Paradigma kolektif yang menganggap PRT bukan pekerjaan penting
tidak hanya berdampak pada PRT di Indonesia. Nisaa mengatakan hal itu
juga berdampak pada pekerja migran yang bekerja di luar negeri sebagai
PRT.
"Karena masih ada paradigma kolektif itu, diplomasi Indonesia juga
belum memprioritaskan kasus-kasus yang membelit PRT migran di luar
negeri," tuturnya.
Karena itu, selain mendesak DPR untuk mengesahkan Rancangan
Undang-Undang Perlindungan PRT (RUU PPRT), Solidaritas Perempuan juga
mendesak pemerintah untuk meratifikasi Konvensi Organisasi Buruh
Internasional (ILO) Nomor 189 tentang PRT.

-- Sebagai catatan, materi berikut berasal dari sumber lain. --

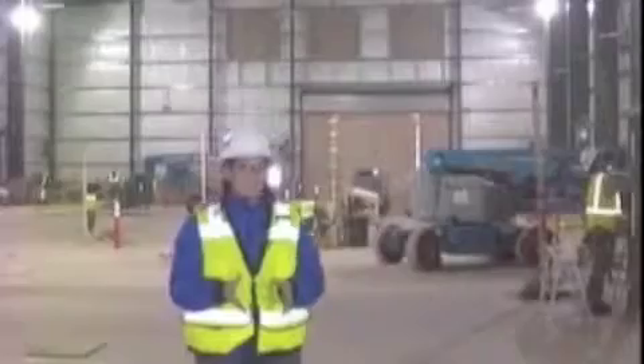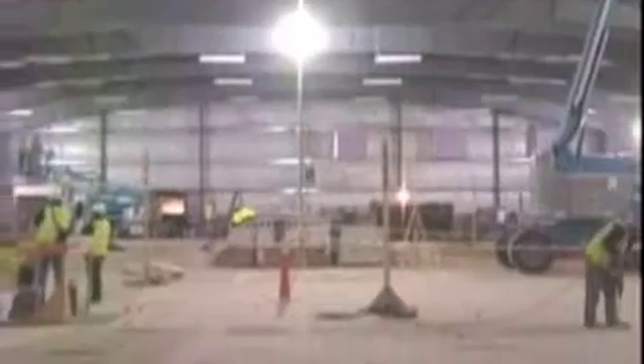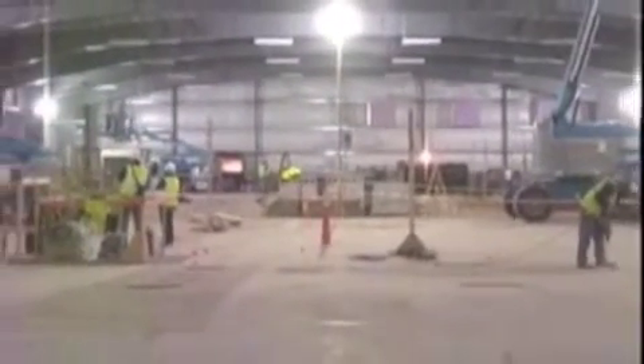As construction of the mine continues, there are about 50 or 60 workers on site every day. Today, what they're working on behind me is the inside of the water treatment plant — they're getting ready for the installation of equipment. The water treatment plant is an essential element of the entire mining operation, and it needs to be up and running before any underground development can begin.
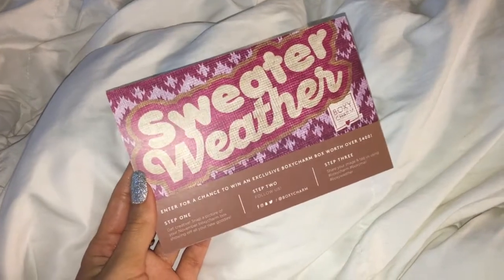Starting with BoxyCharm — if you guys don't know what it is, it's a monthly makeup subscription. Each month you get four to five full-size makeup items for only $21 a month. I'll have the link down below if you're interested. This is what the box looks like this month. The theme is sweater weather and they have all the items listed on the back along with the prices.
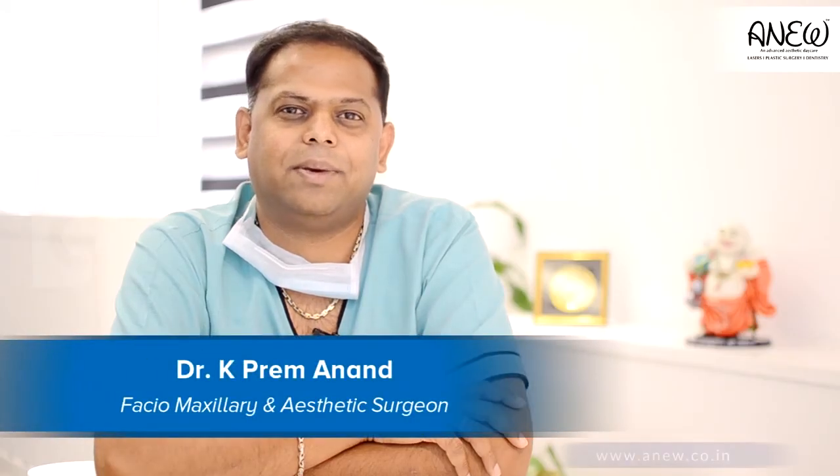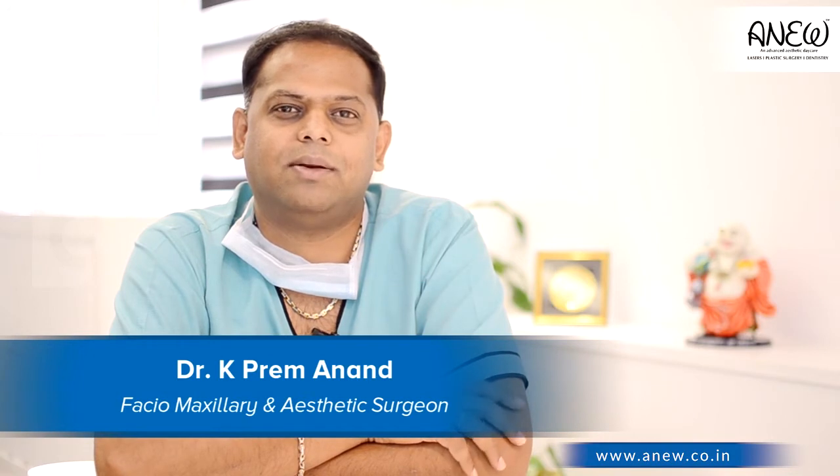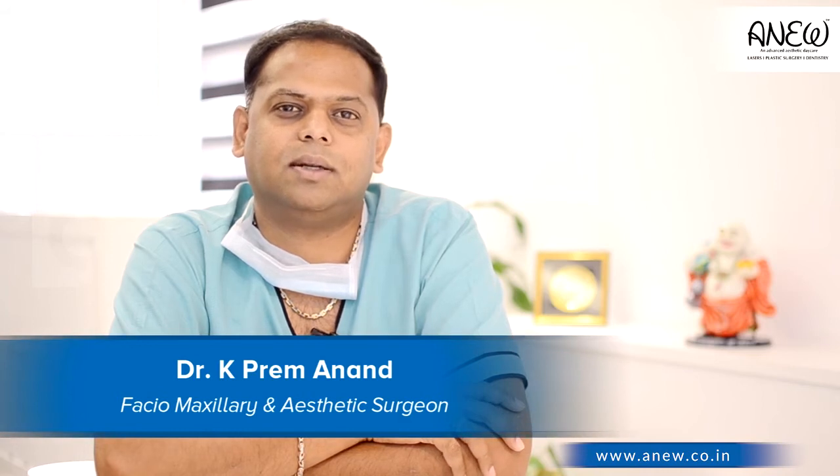Hi everybody, I am Dr. K. Preimanand. I am a Facial Maxillary and Aesthetic Surgeon, practicing in Bangalore since 18 years. We have come up with our own most advanced state-of-art aesthetic center at Banshankari in Bangalore. It's called Aniv.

"Presiden Indonesia termasuk yang mendukung Konvensi ini, tetapi
Indonesia malah belum meratifikasi menjadi undang-undang, " ujarnya.
Dibahas Januari
Sementara itu, anggota Komisi IX dan Badan Legislasi DPR Rieke Diah
Pitaloka mengatakan akan mengupayakan RUU PPRT masuk ke dalam Prolegnas
dalam persidangan DPR pada Januari 2015.
"Sikap PDI Perjuangan tidak berubah. Dalam rapat kerja nasional,
RUU PPRT tetap menjadi prioritas di parlemen," kata Rieke Diah Pitaloka.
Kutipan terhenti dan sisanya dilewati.